きよかのブログ

高等遊民を目指します。

それからはタコのことばかり考えて暮らした

連想ゲーム まえがきにかえて

タコが頭から離れなくなること、数週間。

なんでタコなのかわからないんですけど、頭から離れないものがあると割といい記事が書けることがあります。

「降りてくる」憑依系トピックは実は昔の出来事や経験から無意識に追い求めていたものだったりする。

そしてインスタグラムのストーリーで連想ゲーム的に「私のなかのタコ」をいくつかアップロードしてみると、「この作品面白いですよ」と勧めてくれる人が出現したりするのです。
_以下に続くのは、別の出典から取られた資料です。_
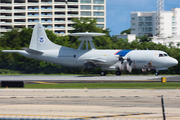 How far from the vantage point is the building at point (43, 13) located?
147375 mm

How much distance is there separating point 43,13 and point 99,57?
336 ft

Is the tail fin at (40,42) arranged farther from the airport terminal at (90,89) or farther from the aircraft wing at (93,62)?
the aircraft wing at (93,62)

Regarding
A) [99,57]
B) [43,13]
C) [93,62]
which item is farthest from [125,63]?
[43,13]

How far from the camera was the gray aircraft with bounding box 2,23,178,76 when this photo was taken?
5109cm

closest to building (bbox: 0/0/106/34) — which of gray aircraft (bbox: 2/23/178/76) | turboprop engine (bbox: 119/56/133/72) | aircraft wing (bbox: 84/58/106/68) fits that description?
gray aircraft (bbox: 2/23/178/76)

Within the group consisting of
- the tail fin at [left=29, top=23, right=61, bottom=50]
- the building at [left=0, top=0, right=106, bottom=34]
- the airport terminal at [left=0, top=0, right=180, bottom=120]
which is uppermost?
the building at [left=0, top=0, right=106, bottom=34]

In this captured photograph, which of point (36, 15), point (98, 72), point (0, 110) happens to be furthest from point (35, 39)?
point (36, 15)

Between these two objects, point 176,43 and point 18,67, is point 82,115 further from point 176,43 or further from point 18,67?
point 176,43

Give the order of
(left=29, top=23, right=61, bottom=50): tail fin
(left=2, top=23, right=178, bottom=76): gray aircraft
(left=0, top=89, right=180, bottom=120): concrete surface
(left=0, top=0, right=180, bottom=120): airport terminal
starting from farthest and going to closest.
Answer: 1. (left=29, top=23, right=61, bottom=50): tail fin
2. (left=2, top=23, right=178, bottom=76): gray aircraft
3. (left=0, top=0, right=180, bottom=120): airport terminal
4. (left=0, top=89, right=180, bottom=120): concrete surface

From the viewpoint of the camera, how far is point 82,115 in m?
16.9

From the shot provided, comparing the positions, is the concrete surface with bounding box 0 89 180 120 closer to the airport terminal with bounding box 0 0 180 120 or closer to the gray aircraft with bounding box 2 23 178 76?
the airport terminal with bounding box 0 0 180 120

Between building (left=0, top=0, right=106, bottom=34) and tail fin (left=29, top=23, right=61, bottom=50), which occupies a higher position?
building (left=0, top=0, right=106, bottom=34)

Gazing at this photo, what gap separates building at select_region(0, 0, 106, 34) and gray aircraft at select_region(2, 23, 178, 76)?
91.5 m

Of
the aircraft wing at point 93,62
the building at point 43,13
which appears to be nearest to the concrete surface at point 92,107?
the aircraft wing at point 93,62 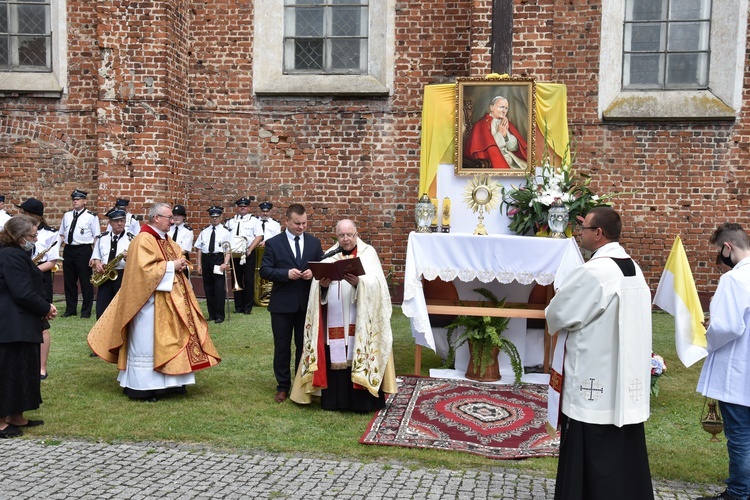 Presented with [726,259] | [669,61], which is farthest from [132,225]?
[726,259]

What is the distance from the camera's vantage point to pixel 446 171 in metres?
9.80

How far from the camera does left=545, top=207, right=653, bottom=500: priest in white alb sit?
4.40 meters

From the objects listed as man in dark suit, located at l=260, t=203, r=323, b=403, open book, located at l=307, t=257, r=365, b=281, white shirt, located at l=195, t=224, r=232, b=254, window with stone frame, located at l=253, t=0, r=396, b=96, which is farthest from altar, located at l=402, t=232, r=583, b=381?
window with stone frame, located at l=253, t=0, r=396, b=96

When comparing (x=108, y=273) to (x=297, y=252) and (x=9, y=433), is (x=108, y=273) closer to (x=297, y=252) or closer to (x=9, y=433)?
(x=297, y=252)

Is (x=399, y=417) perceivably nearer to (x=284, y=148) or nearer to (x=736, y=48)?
(x=284, y=148)

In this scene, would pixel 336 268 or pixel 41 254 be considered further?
pixel 41 254

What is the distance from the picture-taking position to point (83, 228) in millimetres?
12258

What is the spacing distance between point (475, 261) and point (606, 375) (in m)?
3.95

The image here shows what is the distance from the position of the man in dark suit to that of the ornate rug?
1.11 m

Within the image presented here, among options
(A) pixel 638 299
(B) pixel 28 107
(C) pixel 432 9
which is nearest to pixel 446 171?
(C) pixel 432 9

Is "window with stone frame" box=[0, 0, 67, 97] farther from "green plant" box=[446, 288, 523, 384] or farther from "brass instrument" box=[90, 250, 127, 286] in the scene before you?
"green plant" box=[446, 288, 523, 384]

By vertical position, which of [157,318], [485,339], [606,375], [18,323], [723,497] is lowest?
[723,497]

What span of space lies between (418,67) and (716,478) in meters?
9.33

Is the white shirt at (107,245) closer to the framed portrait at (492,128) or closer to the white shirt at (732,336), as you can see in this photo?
the framed portrait at (492,128) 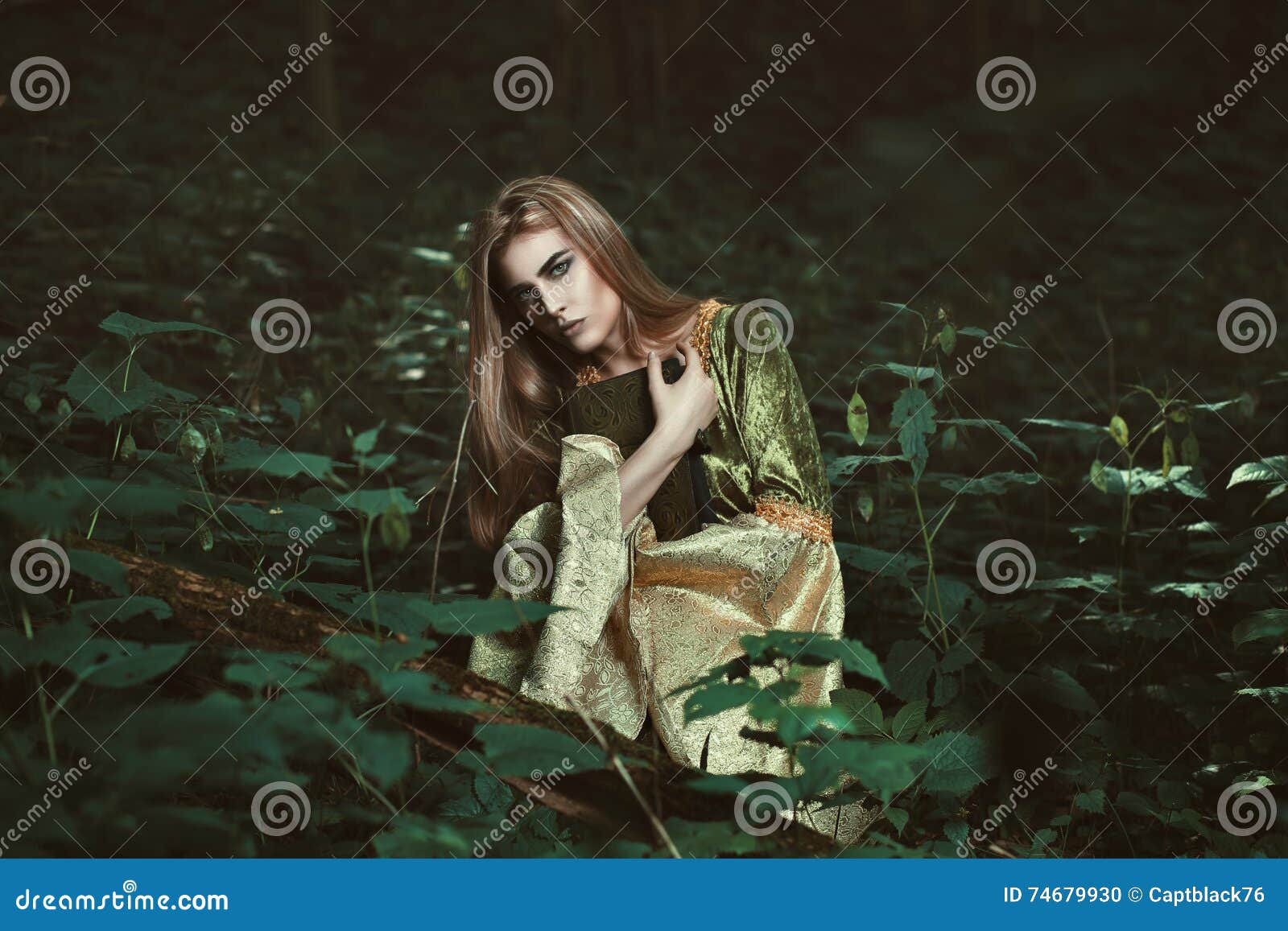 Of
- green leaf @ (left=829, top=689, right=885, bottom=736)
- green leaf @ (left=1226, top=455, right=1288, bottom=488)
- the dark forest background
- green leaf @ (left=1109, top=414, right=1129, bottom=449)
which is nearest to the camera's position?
the dark forest background

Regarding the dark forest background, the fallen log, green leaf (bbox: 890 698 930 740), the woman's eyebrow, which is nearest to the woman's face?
the woman's eyebrow

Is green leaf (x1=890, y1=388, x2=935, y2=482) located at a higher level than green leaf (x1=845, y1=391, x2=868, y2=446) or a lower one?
higher

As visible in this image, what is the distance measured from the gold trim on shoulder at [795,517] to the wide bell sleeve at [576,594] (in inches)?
10.6

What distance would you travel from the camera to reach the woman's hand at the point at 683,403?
7.66 ft

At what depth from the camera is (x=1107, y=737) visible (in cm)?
258

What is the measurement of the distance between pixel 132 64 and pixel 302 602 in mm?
8182

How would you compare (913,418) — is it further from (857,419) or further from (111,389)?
(111,389)

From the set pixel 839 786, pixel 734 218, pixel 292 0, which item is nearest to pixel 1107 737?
pixel 839 786

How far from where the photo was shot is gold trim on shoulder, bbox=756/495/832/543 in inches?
93.7

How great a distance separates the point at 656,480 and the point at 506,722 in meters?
0.82

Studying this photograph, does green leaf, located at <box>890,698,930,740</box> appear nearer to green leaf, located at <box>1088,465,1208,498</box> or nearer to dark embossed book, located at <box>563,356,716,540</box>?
dark embossed book, located at <box>563,356,716,540</box>

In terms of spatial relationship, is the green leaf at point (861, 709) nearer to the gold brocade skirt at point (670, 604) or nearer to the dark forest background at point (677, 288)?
the dark forest background at point (677, 288)

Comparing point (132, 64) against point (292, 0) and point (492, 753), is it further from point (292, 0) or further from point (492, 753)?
point (492, 753)

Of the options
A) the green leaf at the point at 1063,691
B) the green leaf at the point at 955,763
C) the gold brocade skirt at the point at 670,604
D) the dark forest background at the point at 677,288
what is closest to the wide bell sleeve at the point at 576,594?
the gold brocade skirt at the point at 670,604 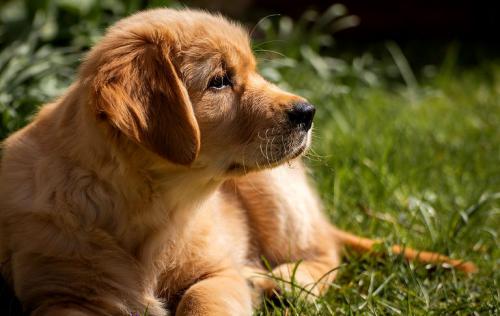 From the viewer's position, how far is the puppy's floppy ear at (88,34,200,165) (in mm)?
2225

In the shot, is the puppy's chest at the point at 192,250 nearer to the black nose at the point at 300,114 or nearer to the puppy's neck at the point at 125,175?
the puppy's neck at the point at 125,175

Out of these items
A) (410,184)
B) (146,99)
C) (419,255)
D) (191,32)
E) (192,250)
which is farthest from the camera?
(410,184)

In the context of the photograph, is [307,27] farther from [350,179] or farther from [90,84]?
[90,84]

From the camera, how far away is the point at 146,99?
232cm

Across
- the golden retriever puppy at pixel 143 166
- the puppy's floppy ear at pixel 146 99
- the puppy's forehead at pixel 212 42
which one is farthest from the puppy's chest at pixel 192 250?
the puppy's forehead at pixel 212 42

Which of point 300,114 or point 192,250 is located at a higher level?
point 300,114

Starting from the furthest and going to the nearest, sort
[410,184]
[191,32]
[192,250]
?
1. [410,184]
2. [192,250]
3. [191,32]

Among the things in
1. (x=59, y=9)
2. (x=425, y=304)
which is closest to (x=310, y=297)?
(x=425, y=304)

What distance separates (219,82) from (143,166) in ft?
1.42

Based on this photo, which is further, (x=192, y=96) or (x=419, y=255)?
(x=419, y=255)

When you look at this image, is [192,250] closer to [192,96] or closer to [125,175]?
[125,175]

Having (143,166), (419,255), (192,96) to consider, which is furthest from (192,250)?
(419,255)

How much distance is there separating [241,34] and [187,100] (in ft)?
1.62

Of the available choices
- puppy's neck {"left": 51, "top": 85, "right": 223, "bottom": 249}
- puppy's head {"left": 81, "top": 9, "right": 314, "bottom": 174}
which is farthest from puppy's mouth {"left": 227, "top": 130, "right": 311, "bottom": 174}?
puppy's neck {"left": 51, "top": 85, "right": 223, "bottom": 249} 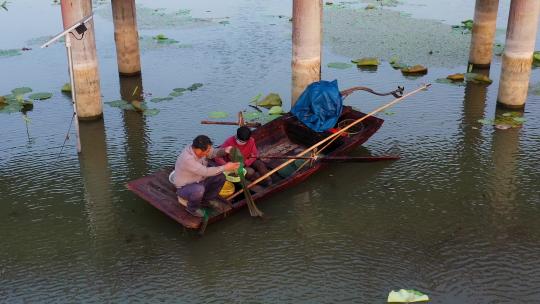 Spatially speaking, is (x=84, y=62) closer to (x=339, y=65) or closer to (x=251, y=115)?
(x=251, y=115)

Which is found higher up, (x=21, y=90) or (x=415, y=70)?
(x=415, y=70)

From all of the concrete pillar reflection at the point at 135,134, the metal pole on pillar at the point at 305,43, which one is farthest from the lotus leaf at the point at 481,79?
the concrete pillar reflection at the point at 135,134

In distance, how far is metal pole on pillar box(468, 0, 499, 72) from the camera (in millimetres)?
20891

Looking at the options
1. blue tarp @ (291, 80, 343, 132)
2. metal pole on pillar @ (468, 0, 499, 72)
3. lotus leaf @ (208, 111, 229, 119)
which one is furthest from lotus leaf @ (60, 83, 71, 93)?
metal pole on pillar @ (468, 0, 499, 72)

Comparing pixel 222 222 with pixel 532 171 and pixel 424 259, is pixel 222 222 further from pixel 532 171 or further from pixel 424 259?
pixel 532 171

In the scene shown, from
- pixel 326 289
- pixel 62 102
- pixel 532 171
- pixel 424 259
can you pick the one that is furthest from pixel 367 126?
pixel 62 102

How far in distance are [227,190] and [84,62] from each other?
7283mm

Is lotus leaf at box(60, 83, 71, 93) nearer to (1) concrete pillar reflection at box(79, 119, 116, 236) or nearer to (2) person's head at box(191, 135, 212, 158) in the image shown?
(1) concrete pillar reflection at box(79, 119, 116, 236)

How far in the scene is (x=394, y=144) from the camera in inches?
591

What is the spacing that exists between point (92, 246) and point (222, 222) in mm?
2573

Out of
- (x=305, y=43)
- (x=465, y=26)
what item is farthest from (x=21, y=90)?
(x=465, y=26)

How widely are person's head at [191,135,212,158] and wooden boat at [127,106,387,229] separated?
1.24 meters

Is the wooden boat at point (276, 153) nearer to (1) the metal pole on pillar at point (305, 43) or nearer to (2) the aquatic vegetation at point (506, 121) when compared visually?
(1) the metal pole on pillar at point (305, 43)

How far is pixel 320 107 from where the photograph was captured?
14555 mm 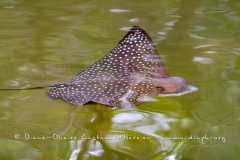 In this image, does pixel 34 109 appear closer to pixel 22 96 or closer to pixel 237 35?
pixel 22 96

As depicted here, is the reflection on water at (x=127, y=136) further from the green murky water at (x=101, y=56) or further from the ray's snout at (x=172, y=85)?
the ray's snout at (x=172, y=85)

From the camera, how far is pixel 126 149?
6.79ft

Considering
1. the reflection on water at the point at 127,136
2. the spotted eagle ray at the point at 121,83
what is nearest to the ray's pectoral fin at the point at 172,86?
the spotted eagle ray at the point at 121,83

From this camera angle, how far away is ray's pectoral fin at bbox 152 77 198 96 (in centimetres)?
Result: 244

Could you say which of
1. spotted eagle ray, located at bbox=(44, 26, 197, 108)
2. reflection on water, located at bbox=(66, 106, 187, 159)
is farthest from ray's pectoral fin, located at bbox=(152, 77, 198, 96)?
reflection on water, located at bbox=(66, 106, 187, 159)

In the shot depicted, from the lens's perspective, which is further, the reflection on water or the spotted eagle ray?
the spotted eagle ray

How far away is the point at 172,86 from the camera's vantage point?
2.45 meters

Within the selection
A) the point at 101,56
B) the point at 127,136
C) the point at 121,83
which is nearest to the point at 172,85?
the point at 121,83

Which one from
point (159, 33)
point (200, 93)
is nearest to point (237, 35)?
point (159, 33)

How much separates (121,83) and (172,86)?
1.16ft

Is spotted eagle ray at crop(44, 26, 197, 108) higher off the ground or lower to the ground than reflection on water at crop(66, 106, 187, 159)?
higher

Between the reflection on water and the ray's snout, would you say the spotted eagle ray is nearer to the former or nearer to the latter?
the ray's snout

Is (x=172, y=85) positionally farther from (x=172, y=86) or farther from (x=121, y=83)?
(x=121, y=83)

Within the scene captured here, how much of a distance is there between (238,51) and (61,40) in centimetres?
156
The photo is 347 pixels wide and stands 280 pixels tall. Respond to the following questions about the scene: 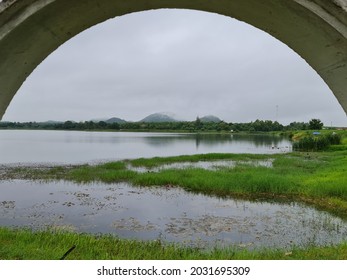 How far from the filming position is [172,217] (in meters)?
11.2

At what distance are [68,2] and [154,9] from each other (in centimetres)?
102

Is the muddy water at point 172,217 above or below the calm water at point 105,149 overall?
below

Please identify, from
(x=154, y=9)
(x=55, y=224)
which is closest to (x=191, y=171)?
(x=55, y=224)

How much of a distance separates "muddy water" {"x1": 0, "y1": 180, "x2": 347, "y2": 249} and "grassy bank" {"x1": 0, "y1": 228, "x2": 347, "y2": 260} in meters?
1.67

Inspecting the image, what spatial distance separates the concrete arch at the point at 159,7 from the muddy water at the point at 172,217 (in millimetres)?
5849

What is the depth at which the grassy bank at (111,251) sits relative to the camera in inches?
221

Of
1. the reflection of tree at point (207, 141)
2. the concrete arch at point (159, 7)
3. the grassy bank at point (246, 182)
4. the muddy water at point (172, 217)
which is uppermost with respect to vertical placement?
the concrete arch at point (159, 7)

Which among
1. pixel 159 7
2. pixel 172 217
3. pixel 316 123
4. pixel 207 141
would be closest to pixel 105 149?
Result: pixel 207 141

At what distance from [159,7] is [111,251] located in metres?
4.82

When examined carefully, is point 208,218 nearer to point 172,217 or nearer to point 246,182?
point 172,217

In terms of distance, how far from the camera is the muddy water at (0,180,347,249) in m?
9.09

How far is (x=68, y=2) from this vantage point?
3.04 meters

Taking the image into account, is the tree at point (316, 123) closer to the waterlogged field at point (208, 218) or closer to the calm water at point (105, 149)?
the calm water at point (105, 149)

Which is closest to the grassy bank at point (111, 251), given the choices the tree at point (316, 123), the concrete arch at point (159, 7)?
the concrete arch at point (159, 7) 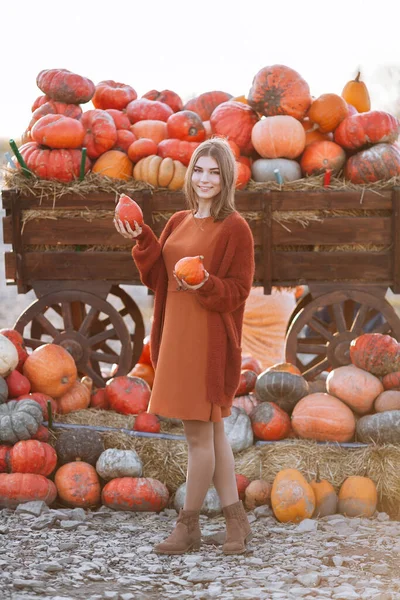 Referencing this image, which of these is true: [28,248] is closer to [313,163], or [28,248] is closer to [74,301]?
[74,301]

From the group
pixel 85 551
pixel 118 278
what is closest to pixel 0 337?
pixel 118 278

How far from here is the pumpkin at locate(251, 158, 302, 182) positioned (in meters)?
6.75

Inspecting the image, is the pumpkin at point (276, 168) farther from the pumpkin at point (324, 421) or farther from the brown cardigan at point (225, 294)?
the brown cardigan at point (225, 294)

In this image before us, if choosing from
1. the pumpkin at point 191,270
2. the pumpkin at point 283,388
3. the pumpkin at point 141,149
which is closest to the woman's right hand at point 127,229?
the pumpkin at point 191,270

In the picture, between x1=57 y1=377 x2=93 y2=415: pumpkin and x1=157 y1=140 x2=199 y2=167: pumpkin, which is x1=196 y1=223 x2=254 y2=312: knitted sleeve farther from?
x1=157 y1=140 x2=199 y2=167: pumpkin

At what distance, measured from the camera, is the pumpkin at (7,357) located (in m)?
5.89

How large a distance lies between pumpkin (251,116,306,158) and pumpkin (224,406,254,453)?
2.15 m

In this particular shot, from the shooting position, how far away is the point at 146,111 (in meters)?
7.40

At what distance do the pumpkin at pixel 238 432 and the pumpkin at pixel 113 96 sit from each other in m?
3.13

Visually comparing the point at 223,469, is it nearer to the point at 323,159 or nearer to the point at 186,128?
the point at 323,159

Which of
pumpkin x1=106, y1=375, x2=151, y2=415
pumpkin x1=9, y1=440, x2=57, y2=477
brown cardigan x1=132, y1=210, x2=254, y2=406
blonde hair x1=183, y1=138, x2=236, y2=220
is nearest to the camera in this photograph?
brown cardigan x1=132, y1=210, x2=254, y2=406

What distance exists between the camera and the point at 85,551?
14.6 ft

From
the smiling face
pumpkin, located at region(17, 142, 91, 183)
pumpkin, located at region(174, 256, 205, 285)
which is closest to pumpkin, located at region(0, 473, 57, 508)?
pumpkin, located at region(174, 256, 205, 285)

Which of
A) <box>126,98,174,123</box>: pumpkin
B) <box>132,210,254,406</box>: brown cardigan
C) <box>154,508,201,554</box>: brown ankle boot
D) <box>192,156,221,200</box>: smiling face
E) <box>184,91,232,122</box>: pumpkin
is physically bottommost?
<box>154,508,201,554</box>: brown ankle boot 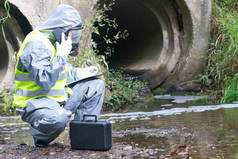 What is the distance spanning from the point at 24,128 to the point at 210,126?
209 centimetres

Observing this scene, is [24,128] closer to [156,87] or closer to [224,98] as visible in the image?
[224,98]

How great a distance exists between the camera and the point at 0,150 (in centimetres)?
285

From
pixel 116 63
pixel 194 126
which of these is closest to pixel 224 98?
pixel 194 126

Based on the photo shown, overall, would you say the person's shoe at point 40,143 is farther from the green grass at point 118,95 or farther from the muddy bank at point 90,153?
the green grass at point 118,95

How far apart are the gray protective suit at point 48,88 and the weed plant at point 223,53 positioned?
2648mm

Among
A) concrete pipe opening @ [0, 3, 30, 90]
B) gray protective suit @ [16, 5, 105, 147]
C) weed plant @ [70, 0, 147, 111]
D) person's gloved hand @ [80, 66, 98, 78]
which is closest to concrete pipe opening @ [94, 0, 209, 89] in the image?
weed plant @ [70, 0, 147, 111]

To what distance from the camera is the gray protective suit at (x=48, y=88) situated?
259cm

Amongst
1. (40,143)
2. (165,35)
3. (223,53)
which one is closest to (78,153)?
(40,143)

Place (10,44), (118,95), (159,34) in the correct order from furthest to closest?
1. (159,34)
2. (10,44)
3. (118,95)

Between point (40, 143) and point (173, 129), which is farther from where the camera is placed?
point (173, 129)

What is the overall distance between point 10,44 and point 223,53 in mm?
3618

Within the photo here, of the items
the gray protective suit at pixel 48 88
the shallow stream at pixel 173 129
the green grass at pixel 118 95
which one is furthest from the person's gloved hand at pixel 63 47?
the green grass at pixel 118 95

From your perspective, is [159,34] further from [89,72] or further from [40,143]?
[40,143]

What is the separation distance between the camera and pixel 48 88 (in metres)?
2.63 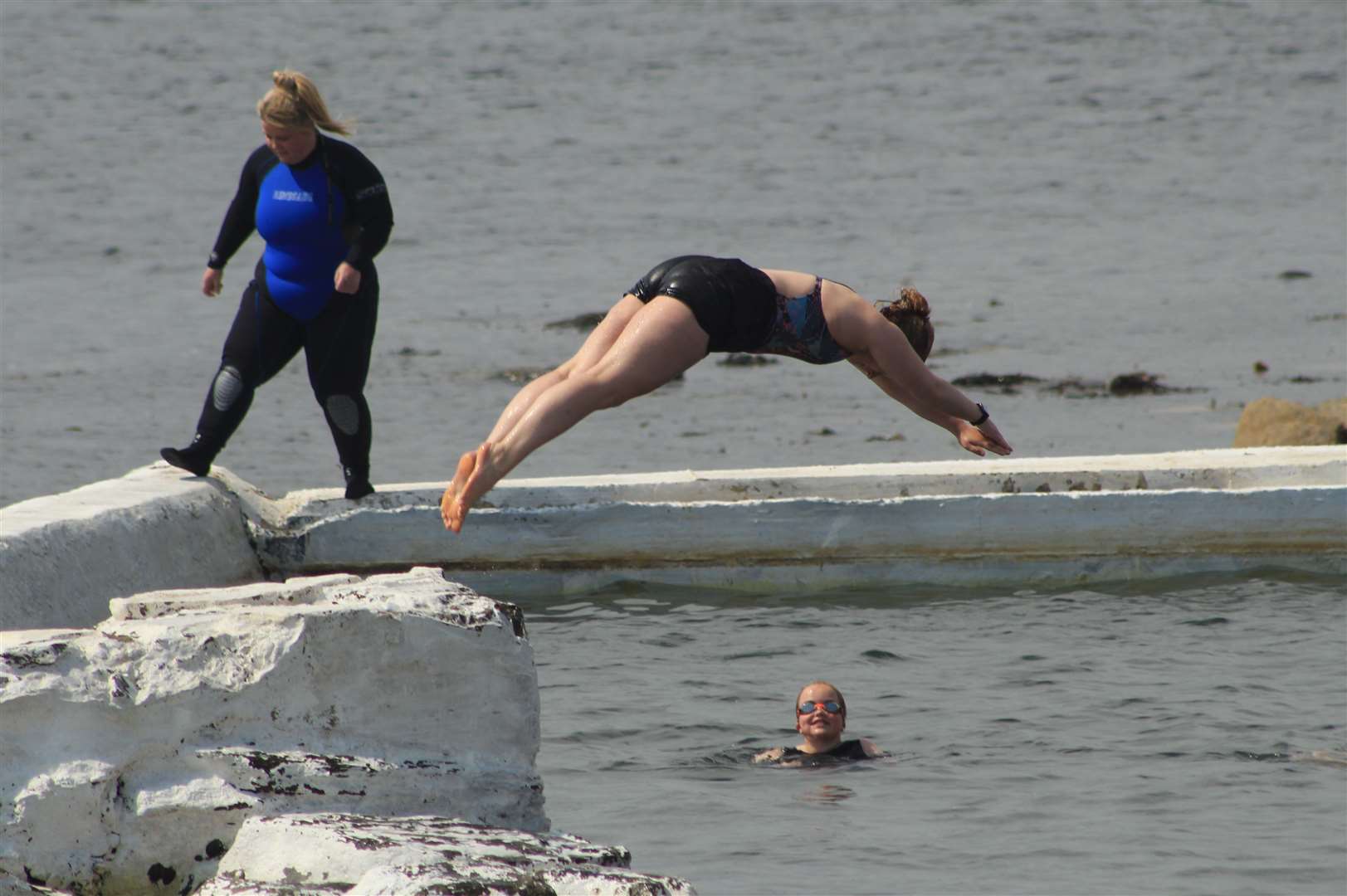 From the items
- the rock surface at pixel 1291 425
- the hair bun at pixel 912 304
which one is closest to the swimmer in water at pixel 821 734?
the hair bun at pixel 912 304

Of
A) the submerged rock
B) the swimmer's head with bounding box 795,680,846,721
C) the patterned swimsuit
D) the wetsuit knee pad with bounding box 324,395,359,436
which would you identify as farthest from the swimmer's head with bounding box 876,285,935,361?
the submerged rock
(ありがとう!!!)

でも私の悪い癖で、興味のあることは自分のキャパシティを超えても追求して形にしないと気が済まない傾向にありまして、今回もそんな感じでした...

締め切りのある論文でもないのになぜこんなことを自分に課しているのかわけがわかりません。

運良く資料がこちらでも手に入ってしまったがために読まずにはいられなかった!

インターネットに感謝です。

でもなんでタコなんだっけ、大モトのきっかけはなんだったかな、友達が使ってたフェイスフィルターだったかな?

www.instagram.com

そうそう、好きなインテリアショップがタコ型ランプスタンドをリリースしたりもしていた。

www.instagram.com

あと使い道がわからないアブノーマルな雑貨をノーマルな雑貨棚に平然と陳列するのを得意とすることで有名なおちゃめな雑貨屋、FLYING TIGERで1ユーロの指をはめられる触手を見つけてしまったりして...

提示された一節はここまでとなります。